In deze zaak heeft de Rechtbank Den Haag op 19 maart 2024 uitspraak gedaan in een beroep tegen de maatregel van bewaring van een vreemdeling van Marokkaanse nationaliteit. Eiser, geboren op een onbekende datum, stelt dat hij ten onrechte in bewaring is gesteld, omdat hij zich aan de vrijheidsbeperkende maatregel heeft gehouden. De rechtbank heeft echter geoordeeld dat de staatssecretaris van Justitie en Veiligheid terecht heeft besloten tot bewaring, omdat eiser onrechtmatig in Nederland verblijft en er een terugkeerverplichting op hem rust. De rechtbank heeft de verwijzing van eiser naar een eerdere uitspraak van 13 juli 2023 verworpen, omdat deze uitspraak betrekking had op de Dublinverordening en niet op de huidige situatie van eiser.

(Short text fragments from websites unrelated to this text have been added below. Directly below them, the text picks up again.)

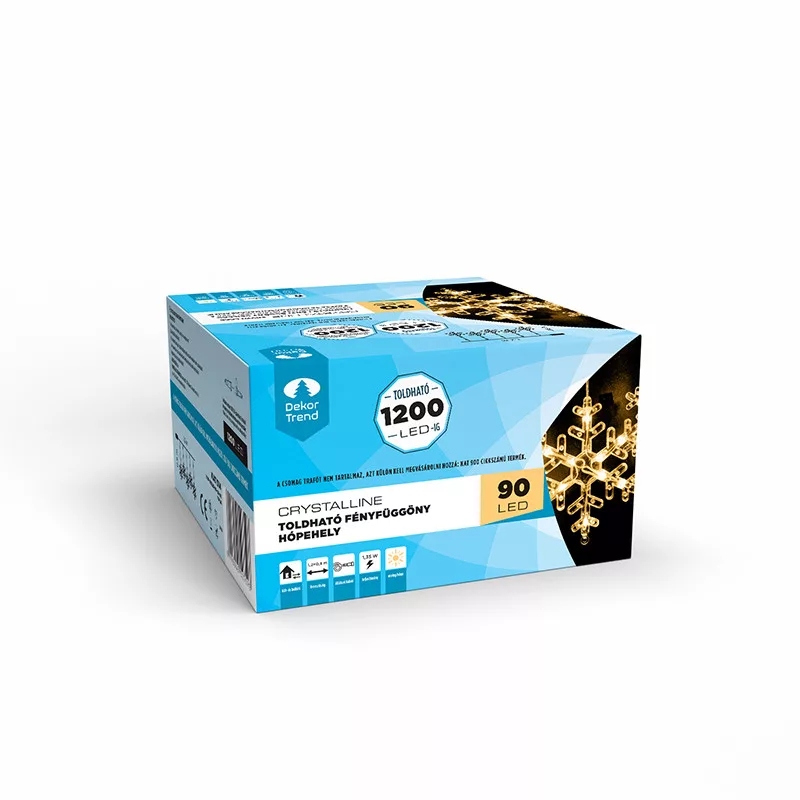 Crystalline toldhat� LED H�PEHELY f�nyf�gg�ny, 120 x 80 cm, 90 db MELEG FEH�R LED, �tl�tsz� k�bel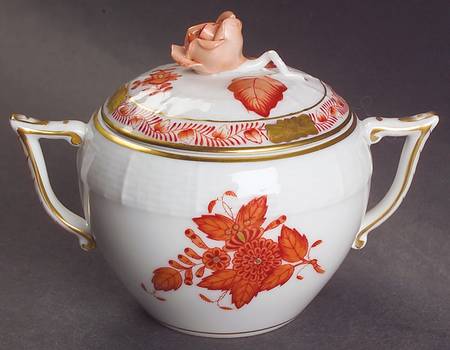 Chinese Bouquet Rust (AOG) Sugar Bowl & Lid by Herend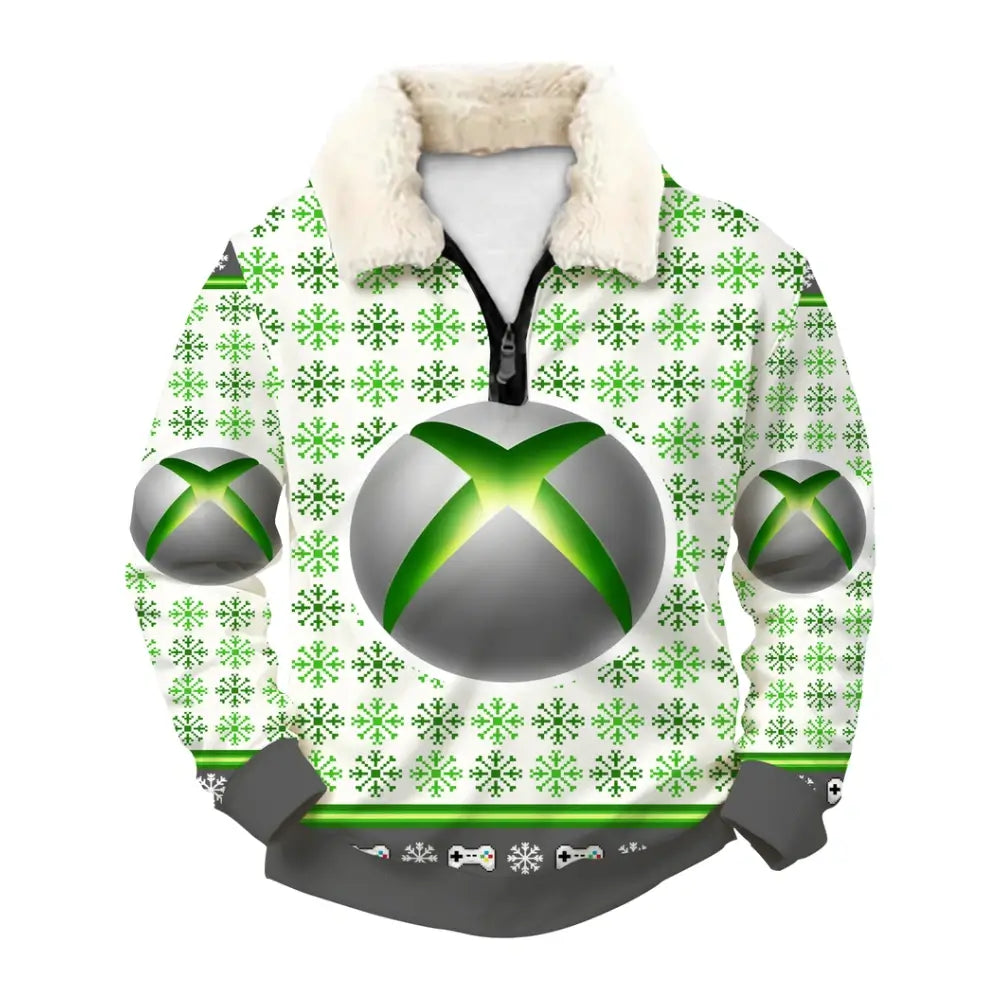 Pixel Frost Ugly Quarter Zip Sweatshirt & Sweatpant Set - THREADPARTY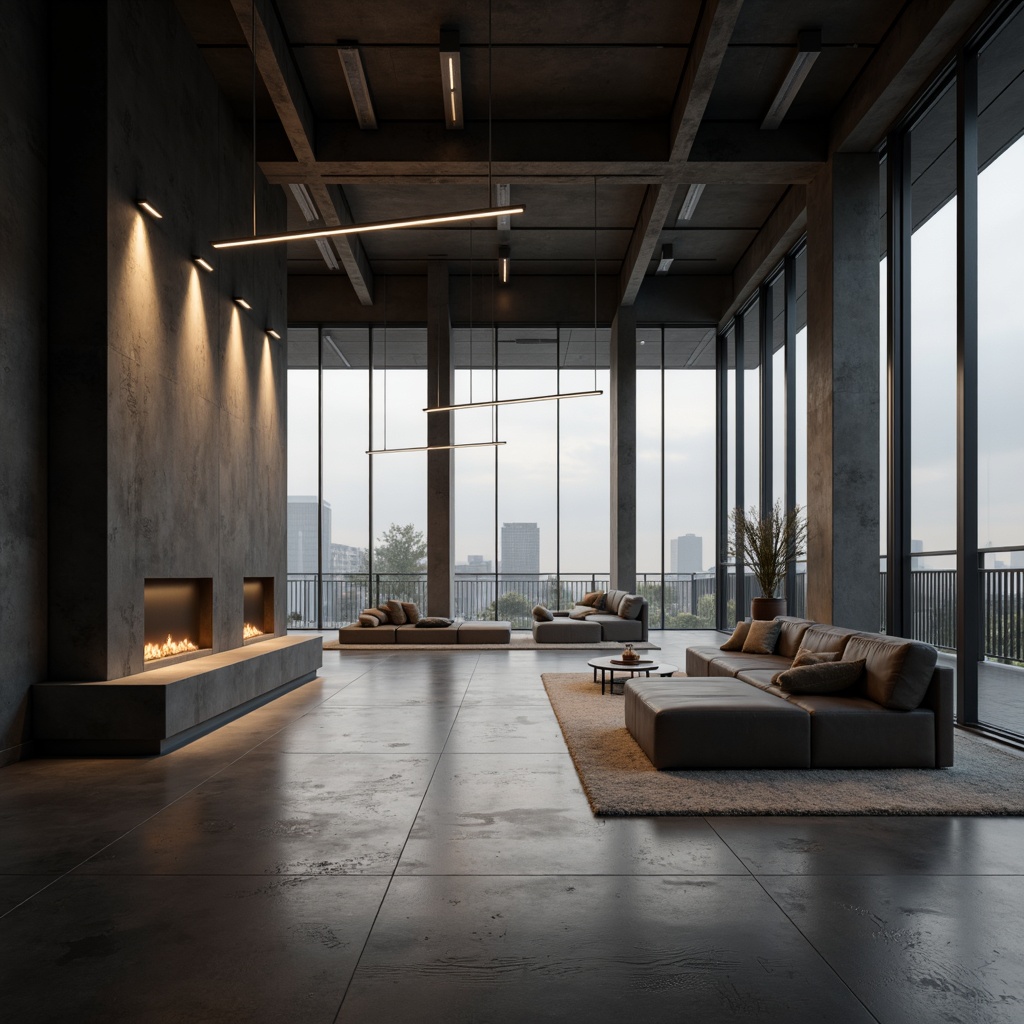 Prompt: Minimalist interior, sleek lines, monochromatic color scheme, polished concrete floors, industrial chic aesthetic, suspended LED light installations, soft warm glow, ambient lighting, floor-to-ceiling windows, natural daylight, subtle shading, 1/1 composition, realistic reflections, high-contrast ratios, dramatic shadows, atmospheric fog effect.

De rechtbank heeft vastgesteld dat de staatssecretaris voldoende gronden heeft aangevoerd voor de maatregel van bewaring. Eiser heeft niet kunnen aantonen dat er geen risico op onttrekking aan het toezicht bestaat. De rechtbank heeft de zware gronden die aan de maatregel ten grondslag zijn gelegd, zoals het ontbreken van een geldig document voor grensoverschrijding en het niet naleven van de terugkeerverplichting, als feitelijk juist beoordeeld. Eiser heeft ook geen overtuigende argumenten aangedragen tegen de lichte gronden die zijn genoemd.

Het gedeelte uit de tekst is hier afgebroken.